What grow-your-own-ers don't always confess is that sometimes you are left with a glut of fruit and veggies that you actually just can't eat. I find this to be particularly true in the case of courgettes, which spring up in an almost cartoonish manner; you can practically hear animated popping sounds out in the garden as you pull back leaves to uncover yet another perfect little green specimen. The trick is to pick them while they're still small and sweet; rest on your laurels and the fruits of your labour will burst out of control and transform into increasingly grotesque oversized marrows. It's a sight that fills me with dismay, because the larger they become the more watery and less flavoursome they are, and I always feel so very wasteful turfing the product of a good six months of planting and growing and watering into the compost bin. What impedes my diligence is generally a lack of recipes and imagination that does not tally with this surfeit of zucca. This year I have vowed not to let any of my carefully-grown produce fall foul of such laziness and end up rotting among the eggshells and the juiced-out lemons. I have been rooting out recipes to beat the band, so you can expect to be bombarded with courgetteful postings on this blog over the next couple of months. But to start out with, I celebrated the first courgettes of the season using a recipe that I discovered and perfected during the summer months last year, one that used not one but two of my homegrown veggies: Antonio Carluccios's pasta with courgette sauce and spinach balls (from Simple Cooking), an old favourite in the Carluccio restaurant chain that appears as penne giardiniera on the menu. 

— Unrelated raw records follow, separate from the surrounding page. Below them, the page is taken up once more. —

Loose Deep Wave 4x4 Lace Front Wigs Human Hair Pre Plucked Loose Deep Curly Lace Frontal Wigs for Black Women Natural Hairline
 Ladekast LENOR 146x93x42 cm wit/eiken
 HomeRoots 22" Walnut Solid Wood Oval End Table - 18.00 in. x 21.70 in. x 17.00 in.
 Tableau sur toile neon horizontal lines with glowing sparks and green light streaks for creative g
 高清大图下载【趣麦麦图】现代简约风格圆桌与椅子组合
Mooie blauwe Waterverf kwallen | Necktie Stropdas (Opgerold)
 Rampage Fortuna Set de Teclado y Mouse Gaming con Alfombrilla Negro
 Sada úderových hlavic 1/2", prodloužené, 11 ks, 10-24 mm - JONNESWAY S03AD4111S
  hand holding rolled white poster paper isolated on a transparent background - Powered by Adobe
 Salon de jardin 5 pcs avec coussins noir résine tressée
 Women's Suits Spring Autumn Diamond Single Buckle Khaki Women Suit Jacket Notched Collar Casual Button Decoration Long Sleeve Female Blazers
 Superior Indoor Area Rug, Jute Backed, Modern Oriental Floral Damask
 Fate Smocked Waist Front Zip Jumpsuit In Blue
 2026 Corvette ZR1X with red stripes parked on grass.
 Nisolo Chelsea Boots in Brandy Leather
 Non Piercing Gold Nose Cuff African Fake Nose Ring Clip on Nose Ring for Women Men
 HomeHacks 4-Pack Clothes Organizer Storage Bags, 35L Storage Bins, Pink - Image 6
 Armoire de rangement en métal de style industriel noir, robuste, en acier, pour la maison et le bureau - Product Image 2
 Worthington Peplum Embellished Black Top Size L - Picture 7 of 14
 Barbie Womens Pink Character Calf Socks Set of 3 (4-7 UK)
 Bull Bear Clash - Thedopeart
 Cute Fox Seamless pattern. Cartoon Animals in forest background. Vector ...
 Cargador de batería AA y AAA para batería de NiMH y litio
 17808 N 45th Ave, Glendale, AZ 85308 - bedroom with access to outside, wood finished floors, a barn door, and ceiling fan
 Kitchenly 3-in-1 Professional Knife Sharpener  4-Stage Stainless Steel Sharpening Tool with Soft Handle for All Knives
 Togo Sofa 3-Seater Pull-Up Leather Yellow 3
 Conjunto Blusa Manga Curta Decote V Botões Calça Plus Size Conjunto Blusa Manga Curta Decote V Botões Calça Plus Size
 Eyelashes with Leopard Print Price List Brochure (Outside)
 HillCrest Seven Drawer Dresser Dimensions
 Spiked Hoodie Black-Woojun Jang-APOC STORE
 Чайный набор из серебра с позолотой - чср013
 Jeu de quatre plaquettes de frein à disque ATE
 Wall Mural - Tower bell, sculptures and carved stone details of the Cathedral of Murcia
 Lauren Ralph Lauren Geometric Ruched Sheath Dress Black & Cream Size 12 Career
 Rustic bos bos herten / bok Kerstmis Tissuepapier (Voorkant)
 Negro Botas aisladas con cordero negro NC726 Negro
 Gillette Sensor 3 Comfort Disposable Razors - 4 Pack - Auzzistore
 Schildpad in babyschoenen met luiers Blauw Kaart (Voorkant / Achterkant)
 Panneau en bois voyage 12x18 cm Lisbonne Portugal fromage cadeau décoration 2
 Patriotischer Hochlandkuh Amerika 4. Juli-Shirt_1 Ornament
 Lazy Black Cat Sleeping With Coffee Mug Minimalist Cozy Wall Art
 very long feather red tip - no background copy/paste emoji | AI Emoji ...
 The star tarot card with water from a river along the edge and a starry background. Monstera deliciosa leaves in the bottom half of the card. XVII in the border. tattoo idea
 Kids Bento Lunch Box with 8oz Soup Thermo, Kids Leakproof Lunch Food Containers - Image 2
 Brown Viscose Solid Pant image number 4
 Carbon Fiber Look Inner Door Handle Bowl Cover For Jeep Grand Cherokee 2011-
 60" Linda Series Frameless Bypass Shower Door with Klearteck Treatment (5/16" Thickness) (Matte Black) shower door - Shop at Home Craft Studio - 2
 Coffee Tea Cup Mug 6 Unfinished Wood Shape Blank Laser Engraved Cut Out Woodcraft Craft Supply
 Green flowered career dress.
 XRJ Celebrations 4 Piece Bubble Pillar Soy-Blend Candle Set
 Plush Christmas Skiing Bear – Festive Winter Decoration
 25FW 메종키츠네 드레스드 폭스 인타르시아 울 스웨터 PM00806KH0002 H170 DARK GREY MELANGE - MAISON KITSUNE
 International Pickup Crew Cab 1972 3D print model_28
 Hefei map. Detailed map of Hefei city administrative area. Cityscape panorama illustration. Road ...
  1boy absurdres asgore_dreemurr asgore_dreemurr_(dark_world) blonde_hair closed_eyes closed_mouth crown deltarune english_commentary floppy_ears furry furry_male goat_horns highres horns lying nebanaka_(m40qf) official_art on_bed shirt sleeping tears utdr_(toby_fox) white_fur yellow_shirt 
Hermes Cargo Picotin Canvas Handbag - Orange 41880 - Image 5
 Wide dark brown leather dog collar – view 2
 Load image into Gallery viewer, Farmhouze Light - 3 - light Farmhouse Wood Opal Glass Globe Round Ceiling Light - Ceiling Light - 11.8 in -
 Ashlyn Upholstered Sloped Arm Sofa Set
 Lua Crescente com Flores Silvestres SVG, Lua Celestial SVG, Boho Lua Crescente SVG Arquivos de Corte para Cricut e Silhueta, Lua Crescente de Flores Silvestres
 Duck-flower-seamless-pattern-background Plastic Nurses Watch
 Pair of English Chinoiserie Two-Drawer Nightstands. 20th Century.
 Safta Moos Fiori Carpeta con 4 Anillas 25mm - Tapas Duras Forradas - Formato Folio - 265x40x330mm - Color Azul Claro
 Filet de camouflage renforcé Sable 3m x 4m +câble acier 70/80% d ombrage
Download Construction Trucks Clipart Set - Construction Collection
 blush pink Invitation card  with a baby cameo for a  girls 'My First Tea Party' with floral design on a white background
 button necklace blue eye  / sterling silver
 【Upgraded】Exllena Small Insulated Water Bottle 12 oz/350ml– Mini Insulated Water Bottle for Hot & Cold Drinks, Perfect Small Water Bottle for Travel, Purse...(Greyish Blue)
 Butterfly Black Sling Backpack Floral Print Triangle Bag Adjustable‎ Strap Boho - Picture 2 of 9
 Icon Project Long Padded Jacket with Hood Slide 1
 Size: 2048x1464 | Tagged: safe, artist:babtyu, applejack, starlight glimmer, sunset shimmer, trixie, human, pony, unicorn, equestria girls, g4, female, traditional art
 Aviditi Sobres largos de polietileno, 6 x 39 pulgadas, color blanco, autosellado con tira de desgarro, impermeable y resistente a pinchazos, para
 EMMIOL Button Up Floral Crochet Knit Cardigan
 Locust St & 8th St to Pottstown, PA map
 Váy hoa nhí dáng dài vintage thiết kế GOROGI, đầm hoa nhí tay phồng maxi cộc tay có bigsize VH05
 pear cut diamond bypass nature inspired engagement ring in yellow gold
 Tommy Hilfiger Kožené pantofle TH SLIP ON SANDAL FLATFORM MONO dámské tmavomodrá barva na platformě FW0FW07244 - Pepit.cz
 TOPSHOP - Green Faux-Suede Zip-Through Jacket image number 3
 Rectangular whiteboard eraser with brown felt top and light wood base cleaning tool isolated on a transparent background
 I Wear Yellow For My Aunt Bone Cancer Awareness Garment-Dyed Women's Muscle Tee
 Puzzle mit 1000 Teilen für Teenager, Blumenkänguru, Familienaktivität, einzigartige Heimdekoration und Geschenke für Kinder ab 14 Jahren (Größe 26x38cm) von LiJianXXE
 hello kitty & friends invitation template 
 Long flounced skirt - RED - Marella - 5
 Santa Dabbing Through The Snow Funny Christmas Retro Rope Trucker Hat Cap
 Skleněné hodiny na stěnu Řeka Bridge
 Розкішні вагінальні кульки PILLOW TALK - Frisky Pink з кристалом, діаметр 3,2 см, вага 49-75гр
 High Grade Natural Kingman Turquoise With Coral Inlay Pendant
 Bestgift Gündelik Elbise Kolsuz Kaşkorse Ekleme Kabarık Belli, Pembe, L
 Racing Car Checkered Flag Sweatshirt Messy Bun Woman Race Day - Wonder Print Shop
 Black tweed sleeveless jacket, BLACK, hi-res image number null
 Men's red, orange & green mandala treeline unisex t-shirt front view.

I was squeezing the very last out of my crop of baby spinach for this recipe; it's such a nutritious, rewarding veggie to grow, but you wouldn't want to be trying to feed a large family with your efforts, because it starts out a hearteningly springy haul of leaves, and then after a spell in some boiling water...

...well you're never going to get fat on that, are you?

Anyhow, to make the spinach balls, you need to squidge all the water out of your cooked spinach (2 minutes on the hob is all it takes) and then chop it up nice and neatly. Antonio is all about the quantities - it is a cookbook, after all - but I just worked with what I had and used my intuition in relation to what to add in where. 

Beat an egg, grate a load of parmesan and some nutmeg, add salt and pepper, the garlic is supposed to be puréed but I just grated a clove of it...

...the breadcrumbs are supposed to be fresh but I just hauled some out of the freezer, and it all gets mixed up with the chopped spinach. You need to achieve a texture that is nice and moist and juicy, but will still stick together sufficiently to roll into balls, so start out with a fairly minimal amount of breadcrumbs and add gradually to that until you get the texture just right. 

The fun bit: rolling the mixture up into little balls. 

Then you just need to pop them on the pan (with a good glug of olive oil on there) and brown them up nicely. 

Out to the garden with me to chop the first courgettes of the season. A minor thrill, I must admit. One of these days I will move my butt to do the whole stuffed courgette flowers thing; for the meantime, I'm afraid they will just have to meet their fate in the compost bin, rather than in my stomach.

The courgette sauce is a pretty straightforward operation. I used two courgettes, grated. 

1 chopped red chilli and 1 chopped garlic clove go on the pan for a minute, then joined by the grated courgettes. It all needs about 4 minutes.

In the meantime the rigatoni will be simmering away on the hob.

When it is cooked it goes into the pan with the courgette sauce, along with some of the pasta water to thin it out a little - all that parmesan can make it clumpy and stringy. As with the breadcrumbs, start with a little and keep adding - Antonio specifies 2 tablespoons of water in there, but if you go zealously pouring it in it could go all thin and watery. Yuck.

And there you have it: a very rewarding dish, one that will help make use of your homegrown veggies, fill you with lots of lovely green-food vitamins, and is thoroughly adequate for entertaining any vegetarians in your life - in fact, it's sufficiently substantial to distract the most hardened carnivore. Make friends with this recipe, it will serve you well.